*Your instructions*: What you give must be the lines from the one containing "Closeup of black Polyester Foam" through the last line of the listing below, exactly, with nothing else and no pictures.

*Exercise materials*:

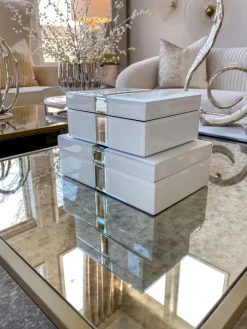 Inspire Me! Home Decor White Floral Ceramic Covered Box Clearance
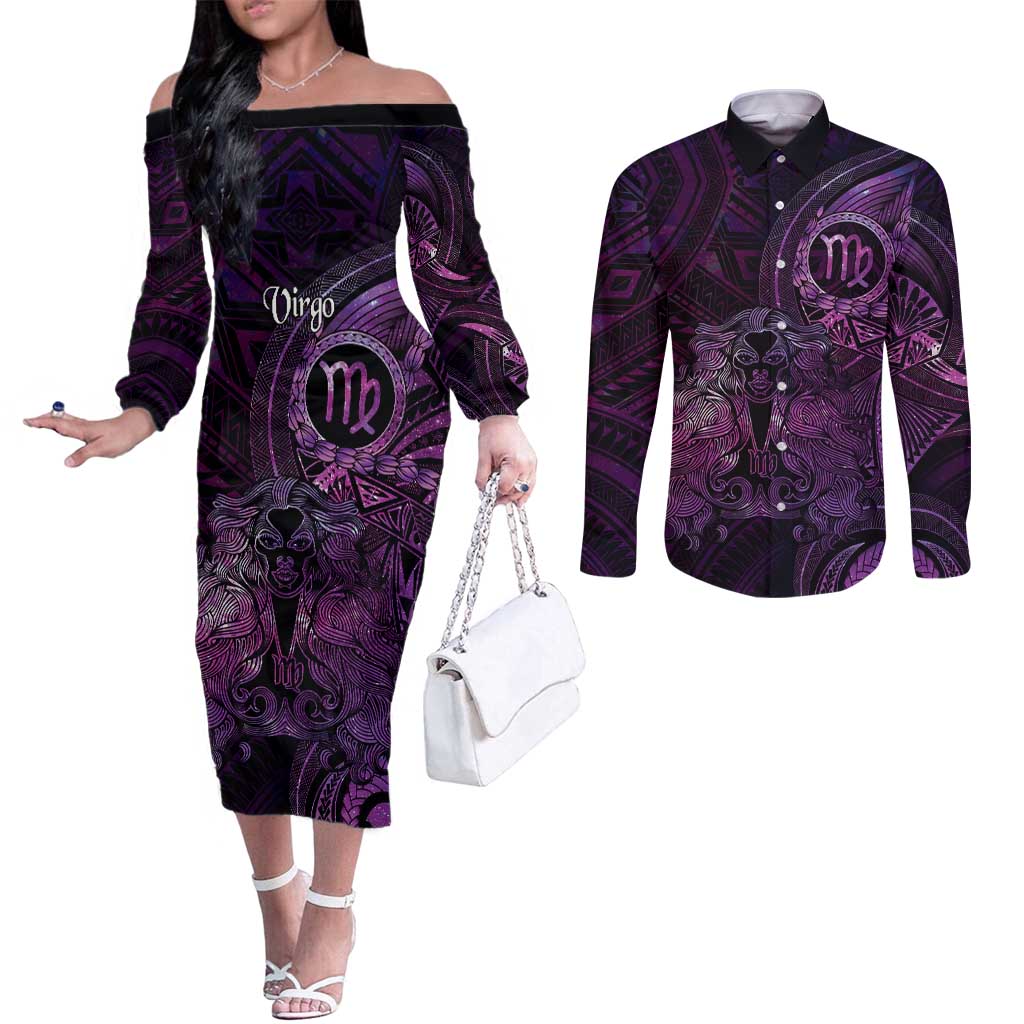 Personalised Polynesia Zodiac Virgo Couples Matching Off The Shoulder Long Sleeve Dress and Long Sleeve Button Shirt Galaxy Polynesian Pattern Chest Tattoo Style LT14 Purple - Polynesian Pride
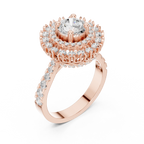 10K White Gold Round Diamond Double Halo Scalloped Engagement Ring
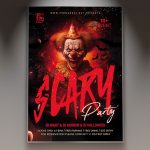 A Club Party Scary Flyer Template featuring a dark, shadowy figure in a frightening costume against a brightly lit, foggy dance floor, conveying a professional and high-energy horror atmosphere for a club event.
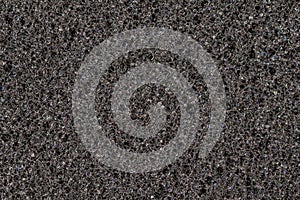 Closeup of black Polyester Foam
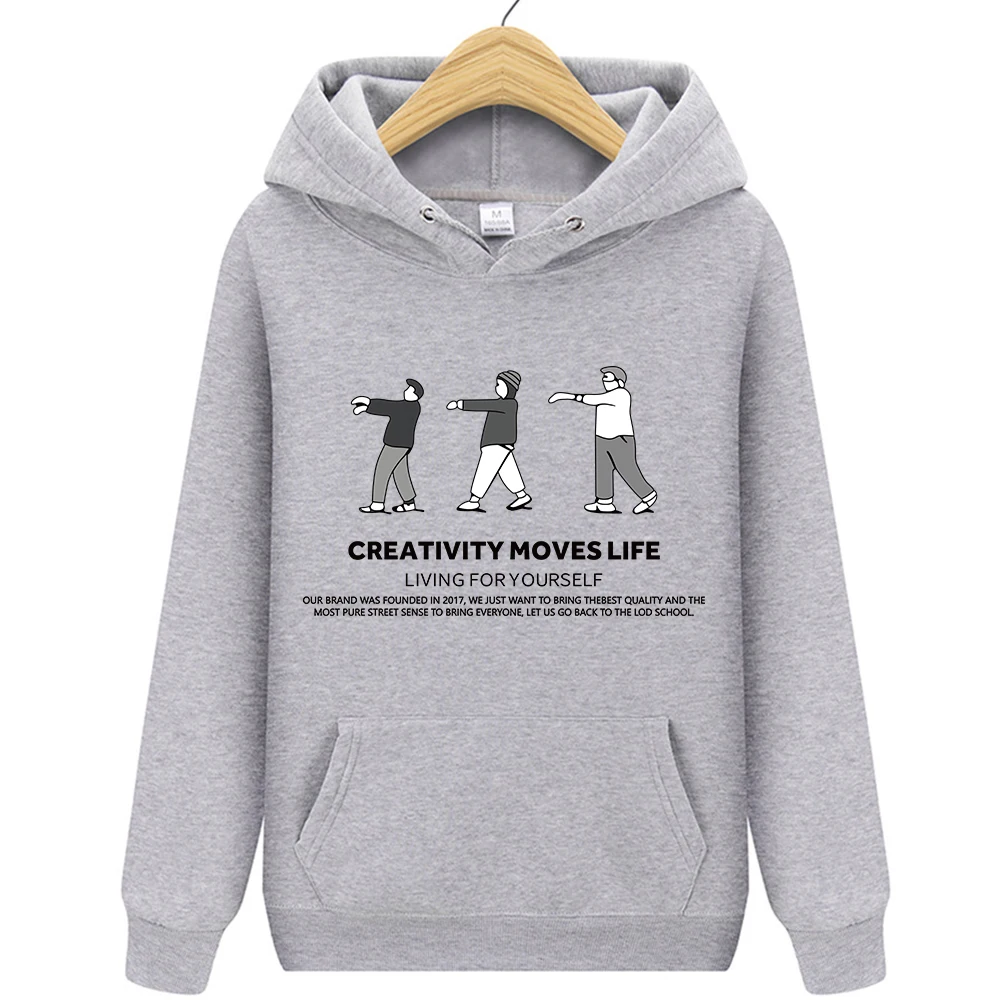 

Designer Creativity Move Life Zombie Jumping Clothes Men Funny Casual Streetwear Personality Pullover Hoodies Fleece Casual Tops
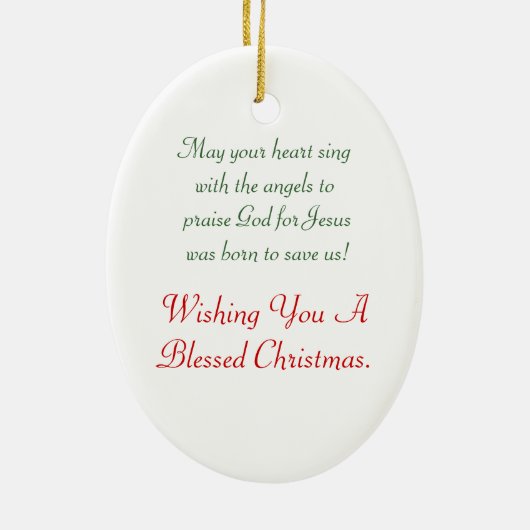 Kerstangel Keramisch Ornament (Achterkant)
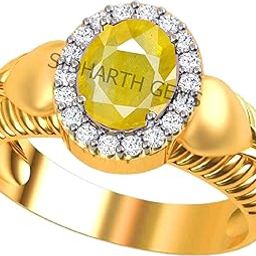 4.00 Ratti Unheated Untreatet Natural Pukhraj/Yellow Sapphire Gold Plated Stone Ring for Men and Women-34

*Exercise solution*:
 Closeup of black Polyester Foam

Designer Creativity Move Life Zombie Jumping Clothes Men Funny Casual Streetwear Personality Pullover Hoodies Fleece Casual Tops
 Kerstangel Keramisch Ornament (Achterkant)
 4.00 Ratti Unheated Untreatet Natural Pukhraj/Yellow Sapphire Gold Plated Stone Ring for Men and Women-34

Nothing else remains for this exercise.